■ **TASK**
From the very first line down to the line containing "Dofinansowanie do magazynu", write out the material exactly as it appears, and no more.

■ **EXTRACTED RECORDS**

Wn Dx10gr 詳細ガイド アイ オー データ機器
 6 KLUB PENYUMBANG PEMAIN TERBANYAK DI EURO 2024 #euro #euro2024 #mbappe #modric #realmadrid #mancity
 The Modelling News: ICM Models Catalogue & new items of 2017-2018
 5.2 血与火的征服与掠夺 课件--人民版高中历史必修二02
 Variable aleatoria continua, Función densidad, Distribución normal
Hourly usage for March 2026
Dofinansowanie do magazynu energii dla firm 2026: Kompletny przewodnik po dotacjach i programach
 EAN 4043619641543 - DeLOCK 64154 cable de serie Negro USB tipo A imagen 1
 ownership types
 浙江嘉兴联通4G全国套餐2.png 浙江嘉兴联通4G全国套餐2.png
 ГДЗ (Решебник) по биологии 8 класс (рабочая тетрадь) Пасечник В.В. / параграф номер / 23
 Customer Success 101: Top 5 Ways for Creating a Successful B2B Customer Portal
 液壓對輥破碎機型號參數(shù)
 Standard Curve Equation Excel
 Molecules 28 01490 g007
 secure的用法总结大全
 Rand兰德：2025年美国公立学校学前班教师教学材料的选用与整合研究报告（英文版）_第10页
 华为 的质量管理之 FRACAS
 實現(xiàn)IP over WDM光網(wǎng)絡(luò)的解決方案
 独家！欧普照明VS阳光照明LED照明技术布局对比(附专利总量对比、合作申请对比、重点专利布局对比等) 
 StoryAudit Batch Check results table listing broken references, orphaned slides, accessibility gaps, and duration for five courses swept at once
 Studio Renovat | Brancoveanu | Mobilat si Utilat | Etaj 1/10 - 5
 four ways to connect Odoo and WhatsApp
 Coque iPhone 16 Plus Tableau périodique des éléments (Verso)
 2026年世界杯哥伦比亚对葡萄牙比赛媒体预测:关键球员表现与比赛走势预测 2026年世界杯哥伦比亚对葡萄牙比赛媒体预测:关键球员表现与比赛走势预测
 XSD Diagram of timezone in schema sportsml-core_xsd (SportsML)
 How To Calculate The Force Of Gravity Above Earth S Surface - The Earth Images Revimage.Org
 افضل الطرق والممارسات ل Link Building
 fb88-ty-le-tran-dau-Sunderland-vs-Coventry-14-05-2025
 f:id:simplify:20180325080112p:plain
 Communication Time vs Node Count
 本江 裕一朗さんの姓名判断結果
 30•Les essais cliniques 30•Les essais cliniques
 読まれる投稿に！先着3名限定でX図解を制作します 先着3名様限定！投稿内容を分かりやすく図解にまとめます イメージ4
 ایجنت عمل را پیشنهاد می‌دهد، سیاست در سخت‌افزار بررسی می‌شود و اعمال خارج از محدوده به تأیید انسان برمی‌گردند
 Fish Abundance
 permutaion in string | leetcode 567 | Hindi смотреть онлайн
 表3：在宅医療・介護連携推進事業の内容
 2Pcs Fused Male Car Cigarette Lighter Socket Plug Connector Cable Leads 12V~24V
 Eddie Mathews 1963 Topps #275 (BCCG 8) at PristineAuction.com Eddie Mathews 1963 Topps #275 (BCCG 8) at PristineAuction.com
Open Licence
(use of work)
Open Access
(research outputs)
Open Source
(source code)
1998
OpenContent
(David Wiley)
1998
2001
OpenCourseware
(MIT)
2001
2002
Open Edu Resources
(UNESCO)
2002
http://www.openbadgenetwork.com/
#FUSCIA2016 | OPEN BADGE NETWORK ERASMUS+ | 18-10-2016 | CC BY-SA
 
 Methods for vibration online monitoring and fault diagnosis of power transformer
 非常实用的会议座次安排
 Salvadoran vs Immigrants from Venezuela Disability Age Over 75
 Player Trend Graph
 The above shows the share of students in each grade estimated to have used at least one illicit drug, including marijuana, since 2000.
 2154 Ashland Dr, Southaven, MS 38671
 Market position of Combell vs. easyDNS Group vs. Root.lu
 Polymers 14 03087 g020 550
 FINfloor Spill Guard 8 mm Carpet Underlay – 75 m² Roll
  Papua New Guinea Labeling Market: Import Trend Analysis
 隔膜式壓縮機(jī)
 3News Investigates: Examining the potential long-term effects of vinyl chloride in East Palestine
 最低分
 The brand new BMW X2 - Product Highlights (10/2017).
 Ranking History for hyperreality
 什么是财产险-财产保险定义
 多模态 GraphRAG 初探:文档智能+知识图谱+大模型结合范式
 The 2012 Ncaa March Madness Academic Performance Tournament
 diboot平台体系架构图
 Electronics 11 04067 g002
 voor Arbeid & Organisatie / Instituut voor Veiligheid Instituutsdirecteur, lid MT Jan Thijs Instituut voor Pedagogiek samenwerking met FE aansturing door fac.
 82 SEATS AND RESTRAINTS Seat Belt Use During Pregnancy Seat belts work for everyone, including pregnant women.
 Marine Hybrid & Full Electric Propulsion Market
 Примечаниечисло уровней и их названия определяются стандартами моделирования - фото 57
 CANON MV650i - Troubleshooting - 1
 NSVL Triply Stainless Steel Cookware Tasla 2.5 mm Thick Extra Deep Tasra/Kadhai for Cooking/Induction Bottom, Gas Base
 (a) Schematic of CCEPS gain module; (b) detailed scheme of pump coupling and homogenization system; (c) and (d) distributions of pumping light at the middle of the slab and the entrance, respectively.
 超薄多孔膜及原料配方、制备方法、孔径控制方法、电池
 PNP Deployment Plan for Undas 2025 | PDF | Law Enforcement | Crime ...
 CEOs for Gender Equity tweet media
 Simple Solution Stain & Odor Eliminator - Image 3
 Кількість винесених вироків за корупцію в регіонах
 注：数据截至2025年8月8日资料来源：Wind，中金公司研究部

■ **WRITTEN ANSWER**
Wn Dx10gr 詳細ガイド アイ オー データ機器
 6 KLUB PENYUMBANG PEMAIN TERBANYAK DI EURO 2024 #euro #euro2024 #mbappe #modric #realmadrid #mancity
 The Modelling News: ICM Models Catalogue & new items of 2017-2018
 5.2 血与火的征服与掠夺 课件--人民版高中历史必修二02
 Variable aleatoria continua, Función densidad, Distribución normal
Hourly usage for March 2026
Dofinansowanie do magazynu energii dla firm 2026: Kompletny przewodnik po dotacjach i programach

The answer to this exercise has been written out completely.